Hey, I'm sorry for not explaining this proper, maybe this helps:

You have four coefficients - you want to process a batch of four, _OR_ a mutiple of four.
This batch of four - we call this a lane:

            int lane = array[currentIndex] * m_pow_3 + array[currentIndex + 1] * m_pow_2 + array[currentIndex + 2] * m_pow_1 + array[currentIndex + 3] * m_pow_0;
            hashCode = hashCode * m_pow_4 + lane;


You can process mutiple lanes by doing:

            int lane_1 = array[currentIndex  ] * m_pow_3 + array[currentIndex + 1] * m_pow_2 + array[currentIndex + 2] * m_pow_1 + array[currentIndex + 3] * m_pow_0;
            int lane_2 = array[currentIndex+4] * m_pow_3 + array[currentIndex + 5] * m_pow_2 + array[currentIndex + 6] * m_pow_1 + array[currentIndex + 7] * m_pow_0;
            hashCode = hashCode * m_pow_4 + lane1;
            hashCode = hashCode * m_pow_4 + lane2;


So for example you could layout the data like below using vlse32.v, strided load.


v2 = array[currentIndex]   | array[currentIndex+4] | .... | array[currentIndex+n*4]
v4 = array[currentIndex+1] | array[currentIndex+5] | .... | array[currentIndex+1+n*4]
v6 = array[currentIndex+2] | array[currentIndex+6] | .... | array[currentIndex+2+n*4]
v8 = array[currentIndex+3] | array[currentIndex+7] | .... | array[currentIndex+3+n*4]
v10 = sum lane 1           | sum lane 2            | .... | sum lane n


Now you can multiple every element in v2 with m_pow_3 without knowing the length of v2 (i.e.
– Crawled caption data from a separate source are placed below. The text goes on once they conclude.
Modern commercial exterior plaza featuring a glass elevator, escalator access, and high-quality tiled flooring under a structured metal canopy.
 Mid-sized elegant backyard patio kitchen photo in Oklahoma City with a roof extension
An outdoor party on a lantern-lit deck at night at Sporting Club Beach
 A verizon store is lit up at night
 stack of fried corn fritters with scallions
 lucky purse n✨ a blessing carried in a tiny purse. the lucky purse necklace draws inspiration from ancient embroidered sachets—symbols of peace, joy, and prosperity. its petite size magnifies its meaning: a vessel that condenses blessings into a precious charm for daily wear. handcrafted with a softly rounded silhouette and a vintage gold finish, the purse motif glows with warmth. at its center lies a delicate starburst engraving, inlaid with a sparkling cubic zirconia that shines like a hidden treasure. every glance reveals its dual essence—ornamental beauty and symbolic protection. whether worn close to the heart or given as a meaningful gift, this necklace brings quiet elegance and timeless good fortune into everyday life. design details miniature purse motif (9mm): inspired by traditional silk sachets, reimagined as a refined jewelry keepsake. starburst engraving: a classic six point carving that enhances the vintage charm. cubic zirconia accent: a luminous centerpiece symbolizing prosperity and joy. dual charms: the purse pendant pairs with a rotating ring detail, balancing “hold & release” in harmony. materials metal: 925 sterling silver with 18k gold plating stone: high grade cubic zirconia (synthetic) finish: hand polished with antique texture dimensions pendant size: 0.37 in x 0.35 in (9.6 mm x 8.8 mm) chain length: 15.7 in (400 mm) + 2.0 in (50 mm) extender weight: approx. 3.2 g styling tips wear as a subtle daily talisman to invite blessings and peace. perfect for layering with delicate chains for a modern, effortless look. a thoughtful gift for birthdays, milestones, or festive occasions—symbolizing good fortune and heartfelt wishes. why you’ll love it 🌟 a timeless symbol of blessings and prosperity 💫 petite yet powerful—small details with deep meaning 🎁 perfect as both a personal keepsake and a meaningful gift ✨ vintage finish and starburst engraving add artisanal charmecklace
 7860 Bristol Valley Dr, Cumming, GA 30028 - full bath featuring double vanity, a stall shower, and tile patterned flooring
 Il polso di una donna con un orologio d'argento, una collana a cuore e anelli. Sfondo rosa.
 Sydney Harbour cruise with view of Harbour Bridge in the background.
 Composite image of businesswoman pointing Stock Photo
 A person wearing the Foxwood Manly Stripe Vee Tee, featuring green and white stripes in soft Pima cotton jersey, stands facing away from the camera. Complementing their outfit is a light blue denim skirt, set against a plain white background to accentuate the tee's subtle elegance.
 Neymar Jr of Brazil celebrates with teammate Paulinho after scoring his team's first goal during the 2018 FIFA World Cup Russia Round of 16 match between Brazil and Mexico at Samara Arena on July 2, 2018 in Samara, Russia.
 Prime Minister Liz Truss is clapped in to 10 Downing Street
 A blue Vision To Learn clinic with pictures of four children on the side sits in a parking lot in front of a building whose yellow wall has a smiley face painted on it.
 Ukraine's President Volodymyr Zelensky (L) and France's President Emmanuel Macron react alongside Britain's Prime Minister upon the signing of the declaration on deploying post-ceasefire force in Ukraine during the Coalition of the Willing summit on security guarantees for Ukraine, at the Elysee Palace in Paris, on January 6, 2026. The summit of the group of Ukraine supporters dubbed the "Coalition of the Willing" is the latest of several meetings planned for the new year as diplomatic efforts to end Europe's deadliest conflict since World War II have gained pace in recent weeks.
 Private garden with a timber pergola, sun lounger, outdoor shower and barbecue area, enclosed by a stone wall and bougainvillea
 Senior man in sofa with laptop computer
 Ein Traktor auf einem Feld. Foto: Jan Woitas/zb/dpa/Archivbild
LMUL can be 1 or 8).
Then sum each lane into v10, and finally for each lane mutiple hashcode by m_pow_4 and add that lane sum.

When this is done, you have 0-3 elements left you can process with scalar.

So when you do:
`vsetvli vl_processing, count/4, emul, lmul`
vl_processing == number of lanes. There is no need to know the length of the vector registers.

NOTE: I'm not saying this is better or faster than your version - it's hopefully an example of a vector length agnostic approach.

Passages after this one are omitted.